Entrevista a la profesora Lourdes Escobar
En nuestra comunidad educativa contamos con docentes capacitados y comprometidos con una educación inclusiva, capaces de reconocer las necesidades, habilidades y potencial de cada estudiante. Su preparación, vocación y sensibilidad les permiten crear espacios de aprendizaje donde todas las personas se sienten respetadas, valoradas y acompañadas.
En esta entrevista conoceremos la inspiradora experiencia de la profesora Lourdes Escobar, docente y entrenadora que, durante más de 24 años, ha utilizado la gimnasia como una herramienta de inclusión, crecimiento personal y desarrollo integral para niños, jóvenes y adultos con necesidades educativas especiales.
1. ¿Qué significa para usted ser docente?
Ser docente es una vocación y un compromiso con cada estudiante. Es tener la oportunidad de enseñar con amor, transmitir conocimientos y compartir experiencias, integrando normas y valores que contribuyan a una convivencia respetuosa.

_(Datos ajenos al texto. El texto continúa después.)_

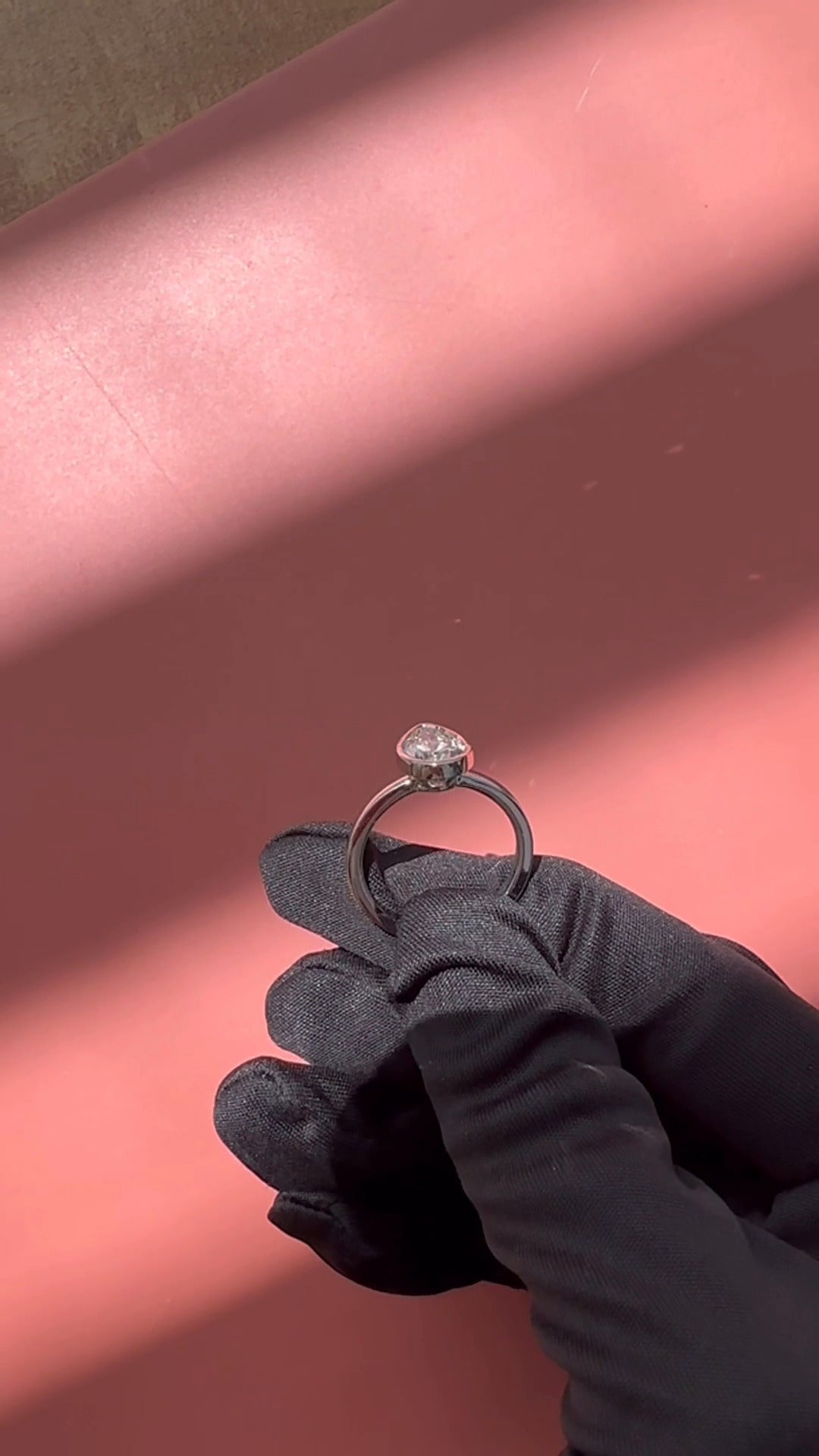 Unique Engagement Ring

También significa demostrar que todas las personas pueden aprender, participar y convivir cuando reciben el acompañamiento, la comprensión y las oportunidades que necesitan.
2. ¿Cómo nació su conexión con la gimnasia inclusiva?
La gimnasia artística y la gimnasia rítmica son disciplinas que practiqué desde muy joven. Participé en competencias intercolegiales y provinciales, hasta llegar a formar parte de la Selección Nacional de Panamá.
Esta formación me permitió aceptar la invitación de una organización no gubernamental para convertirme en entrenadora de gimnasia rítmica femenina. El objetivo principal del programa era promover la inclusión deportiva de niños, jóvenes y adultos con necesidades educativas especiales, entre ellos personas con síndrome de Down, autismo y discapacidad intelectual.
Al principio fue un gran reto. Me hacía muchas preguntas: ¿cómo debía enseñarles?, ¿qué metodología debía utilizar?, ¿funcionaría mejor la demostración visual o la explicación verbal? Sin embargo, el interés, la disposición y el entusiasmo del grupo me motivaron a continuar.
Cada clase representaba un proceso de aprendizaje, tanto para ellas como para mí. A través del ensayo, la observación y la adaptación, fuimos encontrando la mejor manera de trabajar. Mi principal objetivo siempre fue que disfrutaran el deporte y se sintieran felices y seguras.
Ellas son puntuales, esperan con entusiasmo las clases de los sábados y mantienen una excelente convivencia. Han pasado más de 24 años desde que inicié esta experiencia como entrenadora y cada día continúa ofreciéndome nuevas satisfacciones y aprendizajes.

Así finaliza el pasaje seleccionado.